Joseph was a just and empathetic man who was eager to avoid scandal and undue harm. As we learn more about Joseph, we find he was also a faithful, humble, godly servant of his family. Despite his integral role, he’s often overlooked in the Christmas narrative. Because the Lord used Joseph to provide for, protect, and defend both Mary and Baby Jesus, he was an indispensable part of the Holy Family and of the Nativity story itself. 

Later in the Gospel of Matthew, we learn that Joseph had yet another dream, but this time he was told to flee to Egypt in order to protect the life of the Christ child. Joseph, not Jesus’ biological father, but his adoptive dad, risked his reputation, his life, and ultimately his plans in order to be the surrogate earthly father that the Lord desired for His only begotten Son. 

Joseph is particularly relevant as 2022 comes to a close, in the wake of the Dobbs decision this summer, reversing the decision that made abortion legal and unregulated in all 50 states. God chose Joseph to surround Mary during what would have been a “crisis” or “unplanned” pregnancy. Joseph was chosen to be the earthly adoptive father to our  Messiah and the restorative husband to a faithful teenage girl from Nazareth. 

This year, as pro-life advocates and churches are looking for guidance and a model for a post-Roe world, Joseph stands as an example of how to show the love of Christ to vulnerable women and children. 

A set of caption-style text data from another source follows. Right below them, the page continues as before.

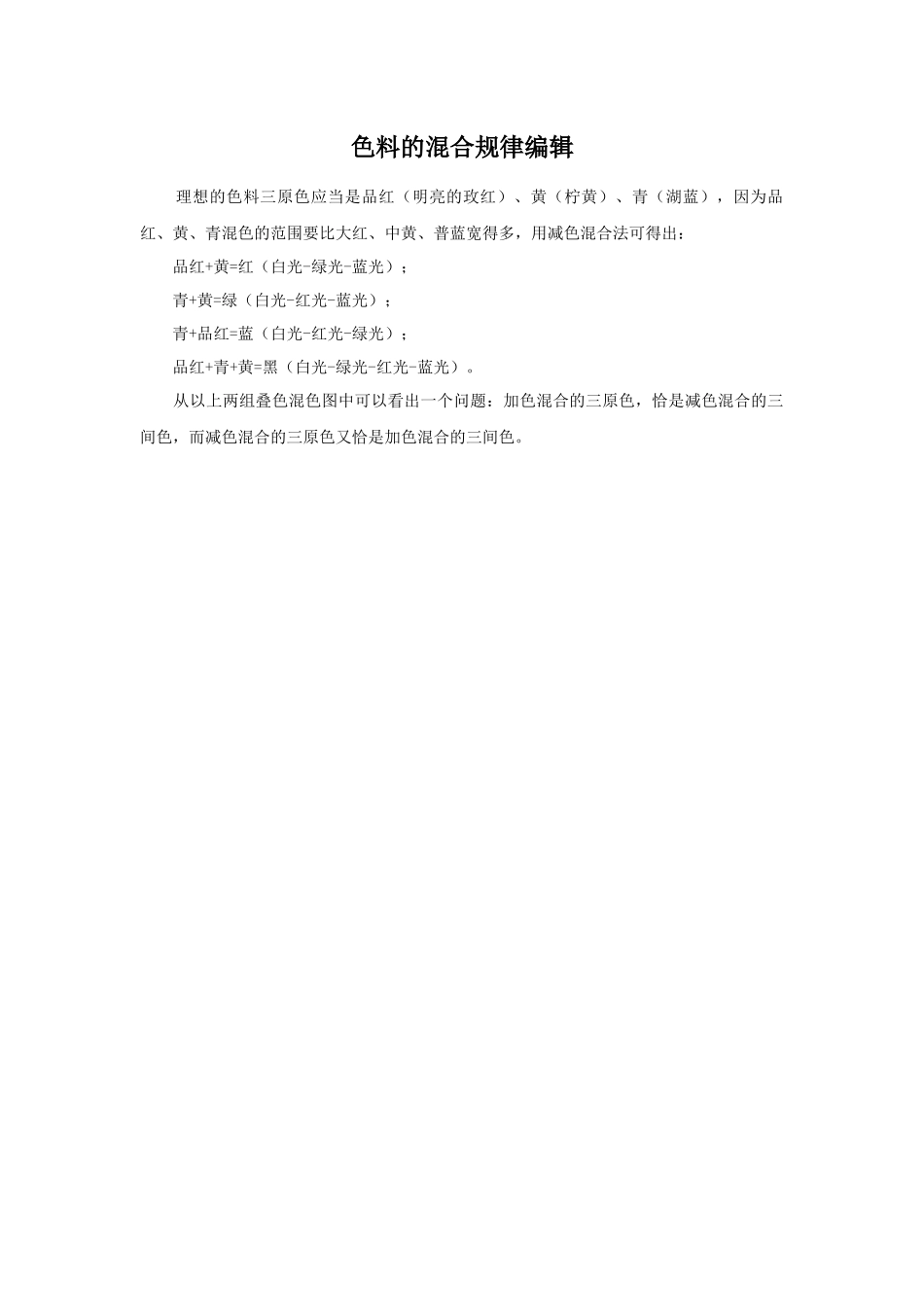 色料的混合规律_第1页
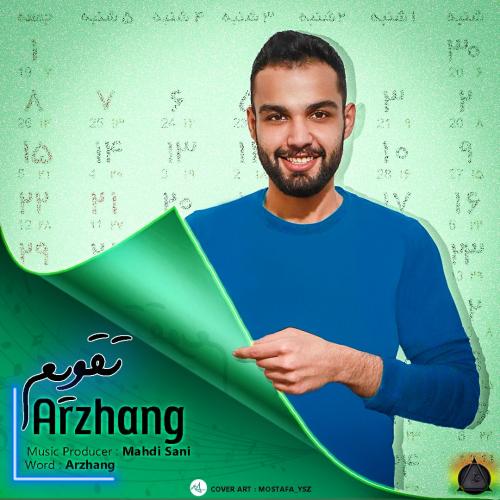 ارژنگ تقویم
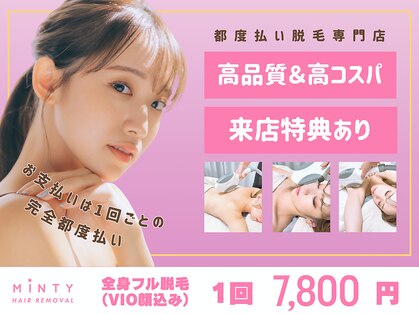 ロロ 松江店(LoLo)の写真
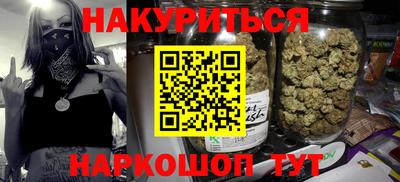не бодяженный Бузулук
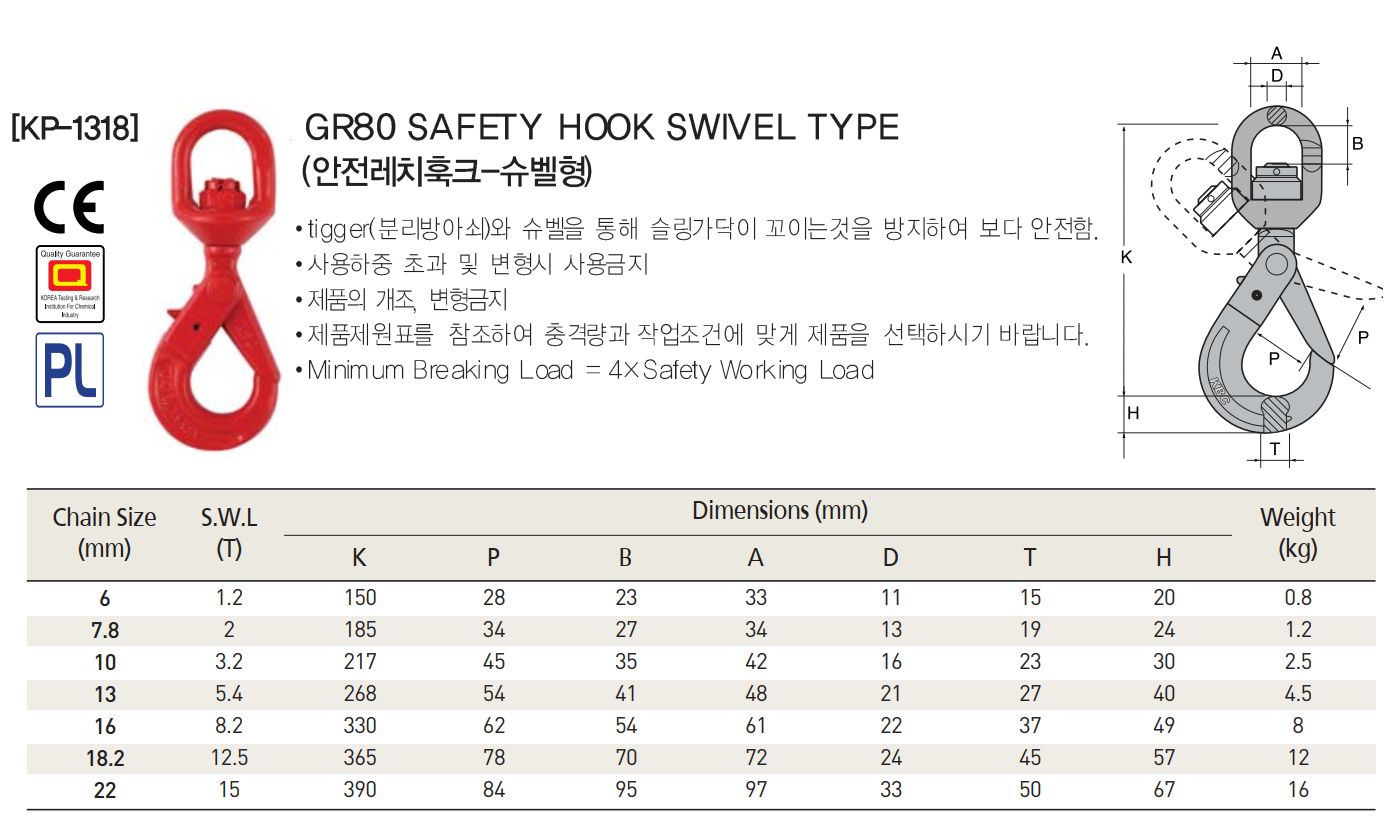 Móc cẩu xoay khóa an toàn KBC KP-1318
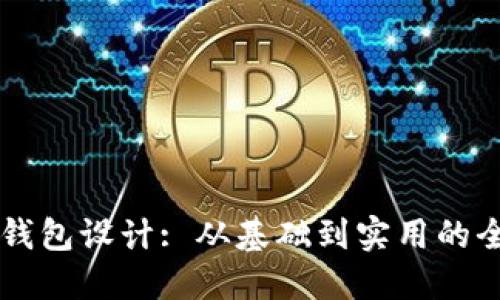 区块链钱包设计: 从基础到实用的全面指南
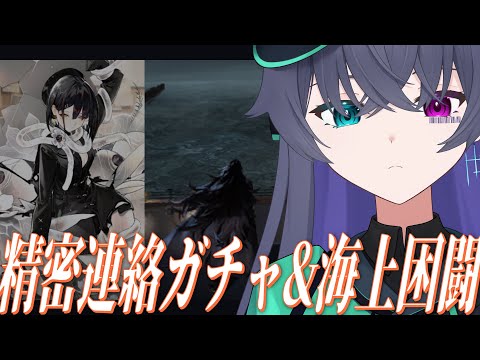 【新月同行】来てくれユイ、君を待ってたんだ/海上困闘【Vtuber/イツナ】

Joseph is a model of fatherhood for us, while demonstrating the true value of godly husbands and adoptive fathers. He shows us what it looks like to respond to Mary’s “crisis” pregnancy with grace and strength—allowing a new and holy family to be established, one that surrounded her and the unborn child, Jesus, in safety and love. This is the role every man can play in his family, no matter the circumstances.

Joseph’s importance doesn’t stop with exemplary fatherhood; he also demonstrated to us the mission and ministry of adoption. He showed us its rejuvenating and reconciliatory function in our own lives as Christians, as well as the practical application in caring for the vulnerable.

Joseph quietly and faithfully became the adoptive father of Christ and, in so doing, mirrored and illustrated God’s adoptive fatherhood of every Christian. 

“In love [God] predestined us for adoption to Himself as sons through Jesus Christ, according to the purpose of His will, to the praise of his glorious grace, with which He has blessed us in the Beloved,” we are told in the book of Ephesians

There is no greater calling than this adoption and no more fundamentally redemptive relationship.

“In Him we have redemption through his blood, the forgiveness of our trespasses, according to the riches of his grace, which He lavished upon us, in all wisdom and insight making known to us the mystery of his will, according to his purpose, which He set forth in Christ as a plan for the fullness of time, to unite all things in Him, things in heaven and things on earth.”

In addition, this miraculous work operates through the redemptive act of marriage. At first, Joseph was going to quietly divorce Mary; however, ultimately he laid down his life for his bride. What a beautiful picture of the work of Jesus on display in Christian marriage! Vertically we see the relationship between Christ and the church, and horizontally we see the earthly relationship of husband and wife;  both are pictures the world longs to see.